ASSIGNED TASK.
In the data below, begin at the line with "Unlock Creativity with" and stop after the line with "CARL VON ZEYTEN"; output those lines exactly and no pictures.

AVAILABLE DATA.
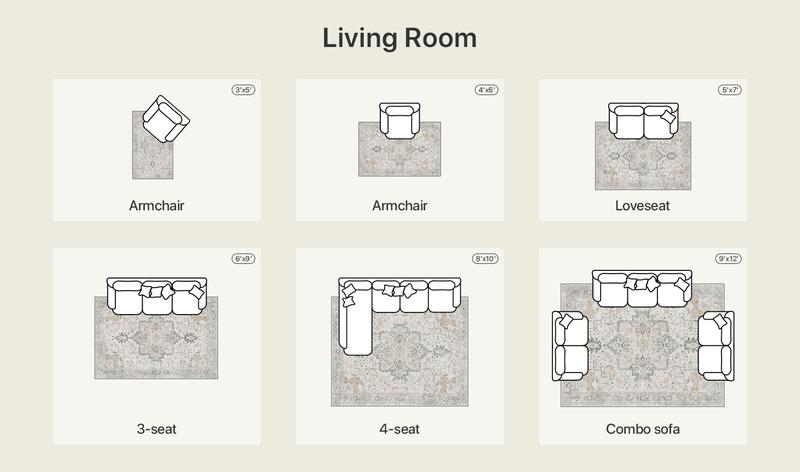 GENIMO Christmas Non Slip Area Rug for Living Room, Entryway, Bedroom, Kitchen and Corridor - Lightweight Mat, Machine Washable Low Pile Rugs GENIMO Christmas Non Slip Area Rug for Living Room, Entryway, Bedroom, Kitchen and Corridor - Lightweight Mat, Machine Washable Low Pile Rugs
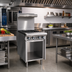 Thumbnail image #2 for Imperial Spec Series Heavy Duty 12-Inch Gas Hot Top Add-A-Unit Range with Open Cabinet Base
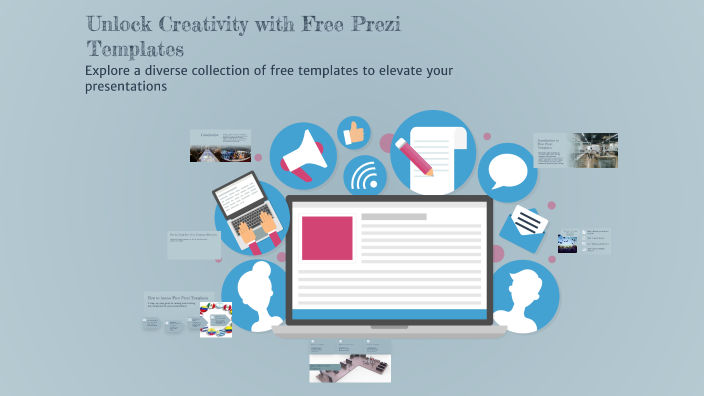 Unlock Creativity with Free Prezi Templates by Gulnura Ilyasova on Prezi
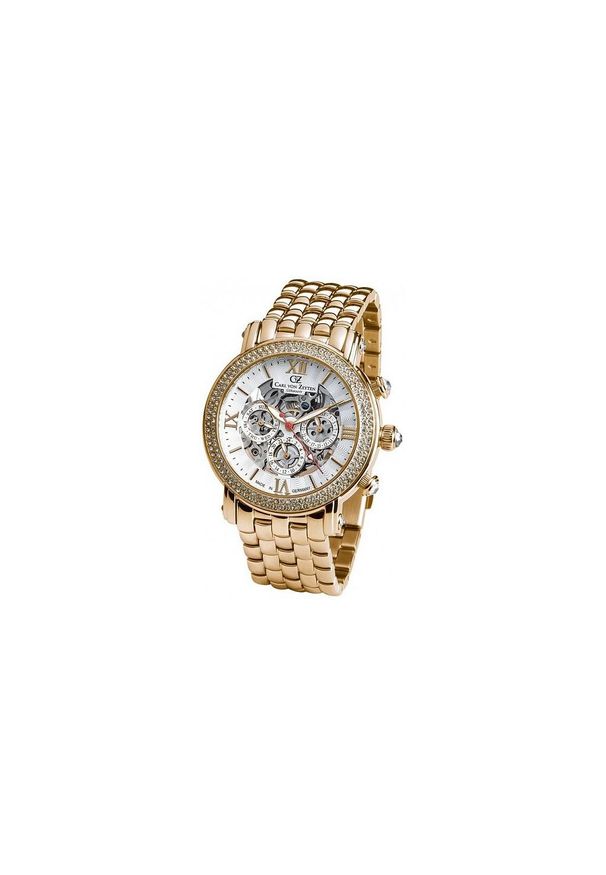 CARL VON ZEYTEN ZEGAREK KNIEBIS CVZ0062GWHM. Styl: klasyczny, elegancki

--

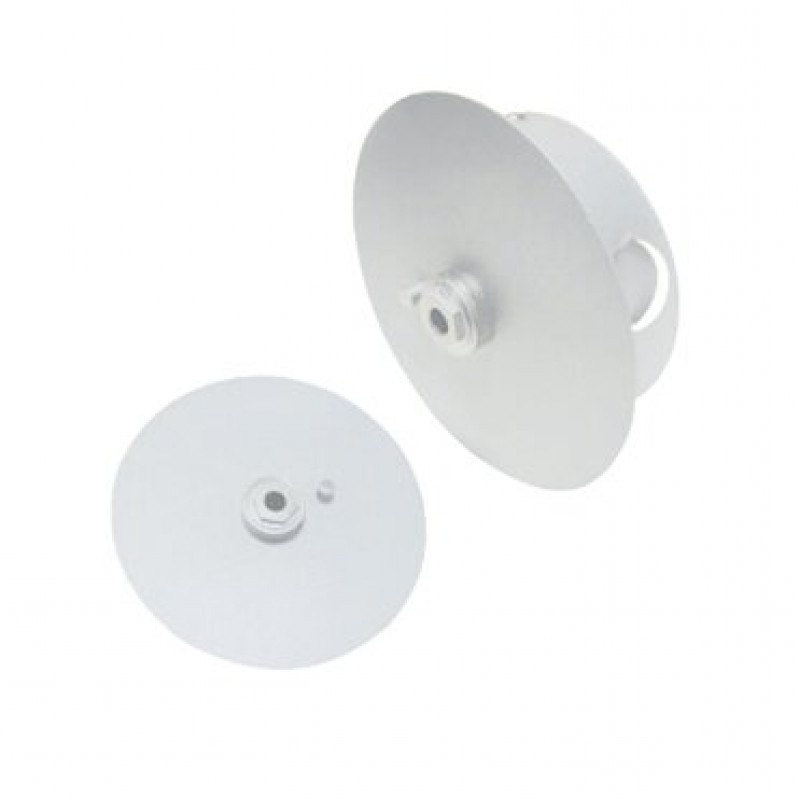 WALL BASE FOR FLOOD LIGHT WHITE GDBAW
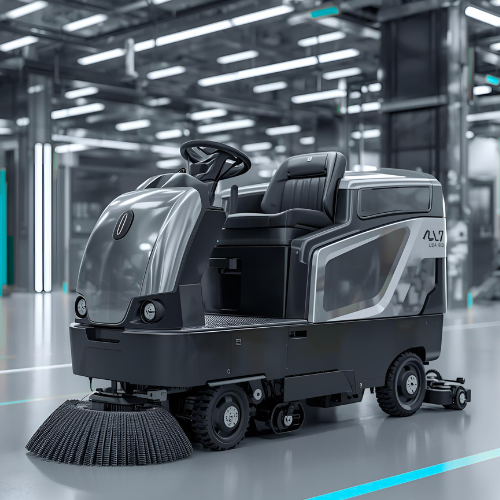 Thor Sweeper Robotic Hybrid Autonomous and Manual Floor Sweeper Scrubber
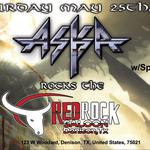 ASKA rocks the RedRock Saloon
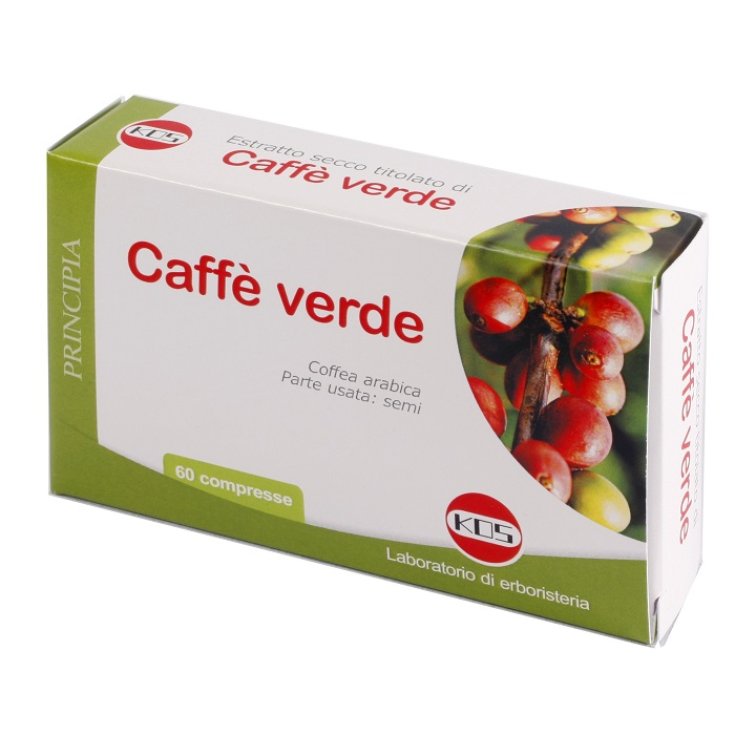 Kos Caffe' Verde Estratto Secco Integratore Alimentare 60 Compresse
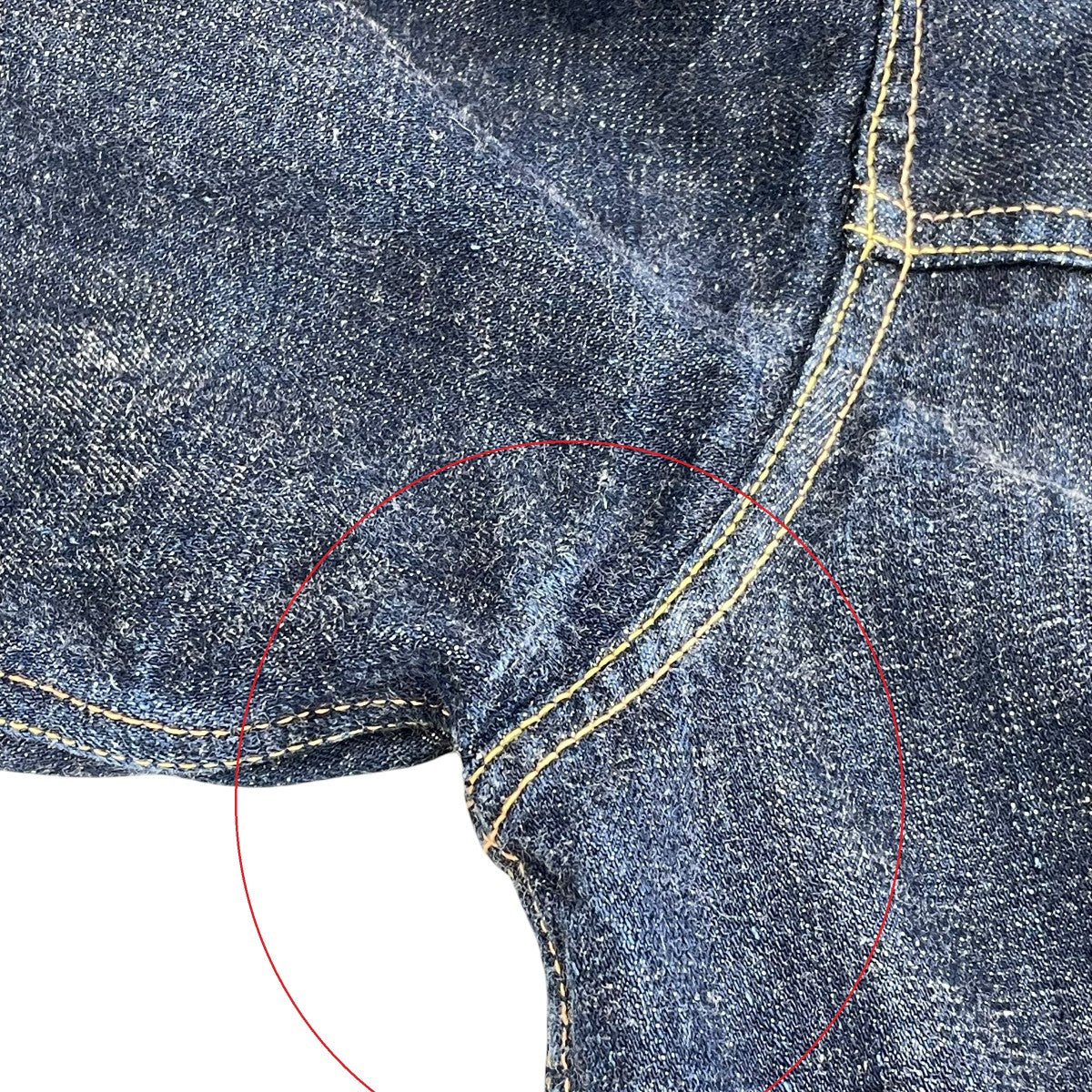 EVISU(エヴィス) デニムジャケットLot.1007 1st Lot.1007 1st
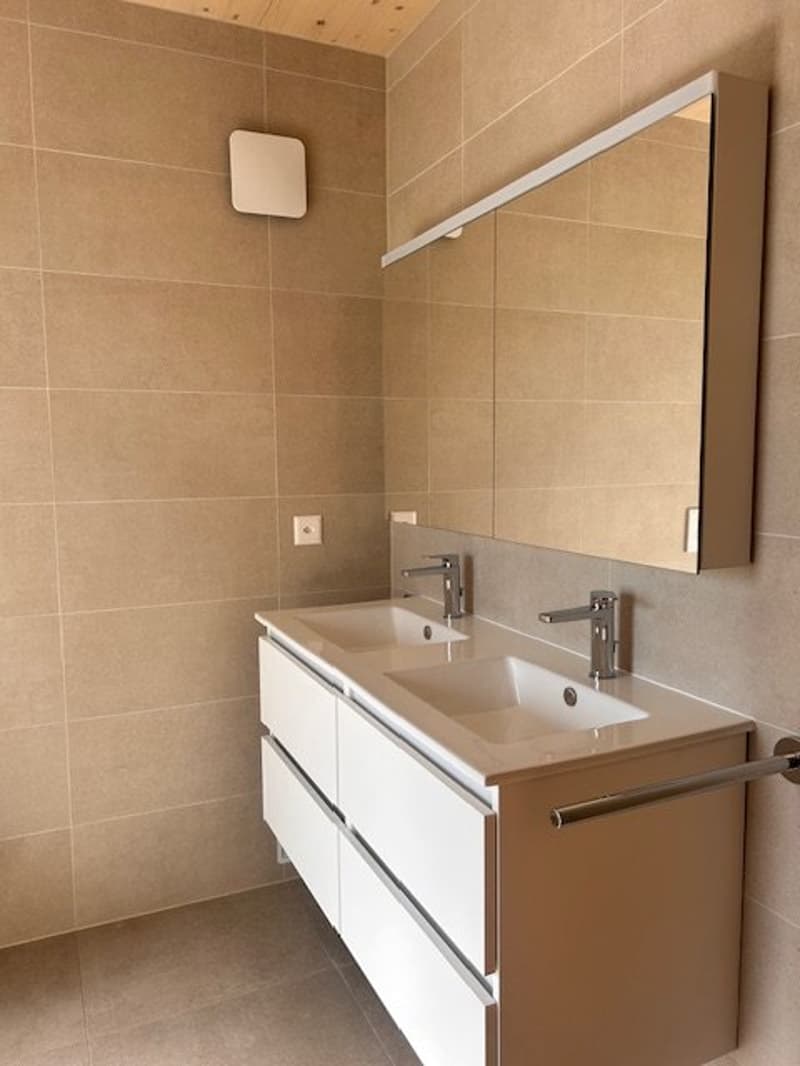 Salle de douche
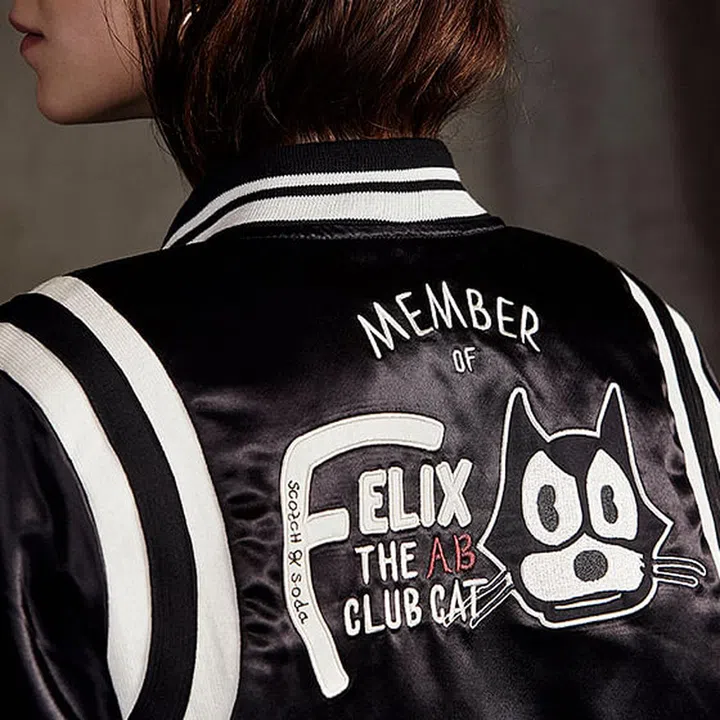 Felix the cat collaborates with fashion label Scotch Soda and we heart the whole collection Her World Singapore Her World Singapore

* * *

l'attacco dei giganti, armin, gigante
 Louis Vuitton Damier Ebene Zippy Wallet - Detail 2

YOUR RESPONSE.
 Unlock Creativity with Free Prezi Templates by Gulnura Ilyasova on Prezi
 CARL VON ZEYTEN ZEGAREK KNIEBIS CVZ0062GWHM. Styl: klasyczny, elegancki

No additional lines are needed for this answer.